Havia algo de desconcertante naquela relação com a história; os valores que ela presumia não indicavam uma polaridade no tempo —progresso ou decadência; eles não definiam lugares sagrados. Marcava pontos de intensidade que eram também objetos "de reflexão". A análise musical era a forma que tornou aquela relação com a história— uma análise que não procurava as regras do uso de uma forma canônica mas sim a descoberta de um princípio de relações múltiplas.
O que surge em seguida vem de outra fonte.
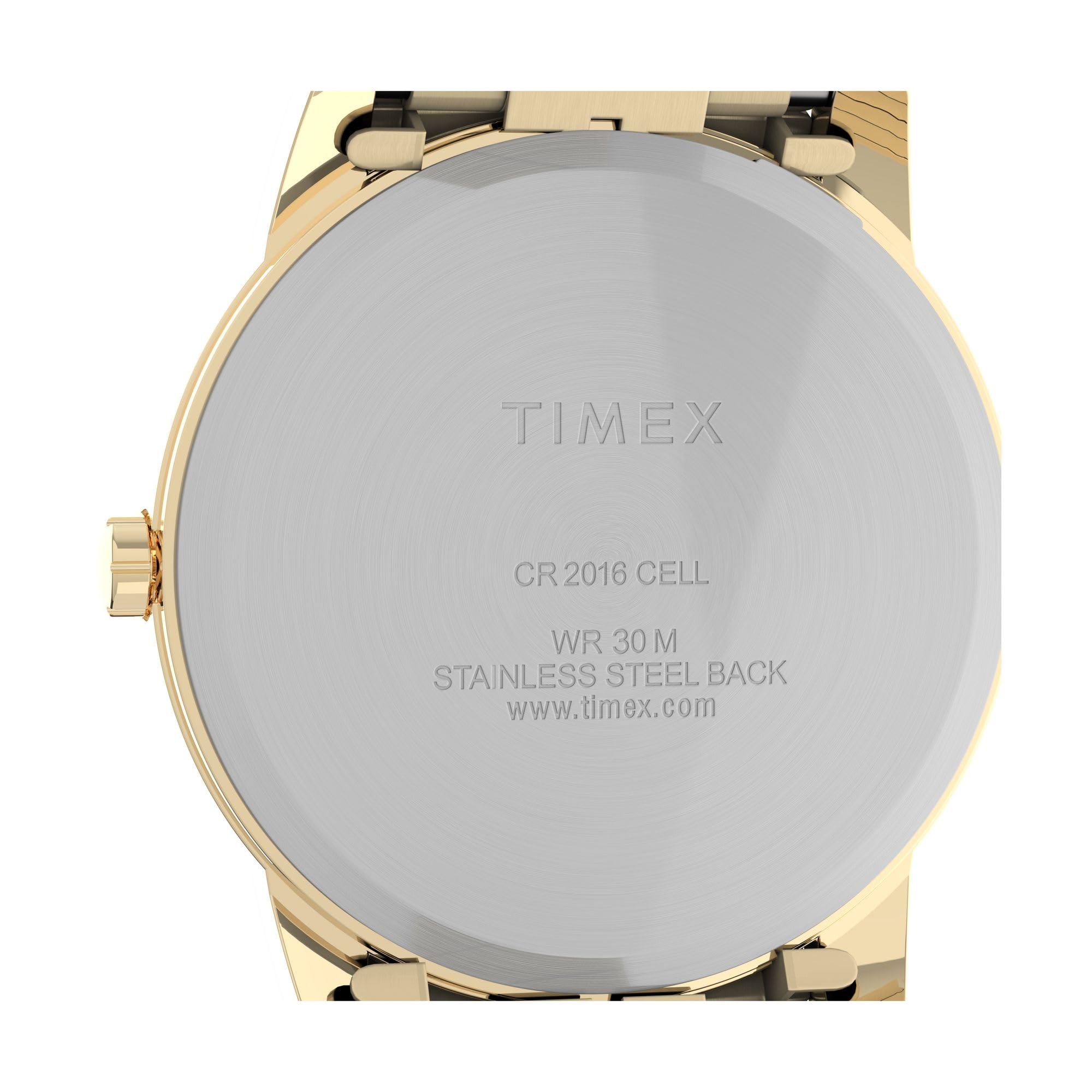 Timex Orologio da uomo in pelle marrone Easy Reader, bianco/oro., Bracciale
Via-se nascer através daquela prática uma relação com a história que negligenciava as formas cumulativas e desprezava as totalidades: sua lei era a dupla transformação simulada do passado e do presente através do movimento que afasta de um e do outro através da elaboração do outro e do um.
Boulez nunca admitiu a idéia de que todo pensamento, na prática da arte, seria excessiva se não fosse a reflexão sobre as regras de uma técnica e sobre seu próprio jogo. Por isso, pouco gostava de Valéry. Quanto ao pensamento, esperava justamente que ele lhe permitisse fazer, sem cessar, coisa diferente do que estava fazendo. Pedia-lhe que abrisse um novo espaço livre no jogo tão regulado, tão reflexivo, que estava jogando. Alguns o acusavam de gratuidade; outros de excesso de teoria. Mas para ele, o essencial era: pensar a prática o mais perto possível de suas necessidades internas sem dobrar-se, como se elas fossem soberanas exigências, diante de nenhuma delas. Qual é então o papel do pensamento naquilo que se faz se ele não deve ser nem simples "avoir-faire" nem pura teoria?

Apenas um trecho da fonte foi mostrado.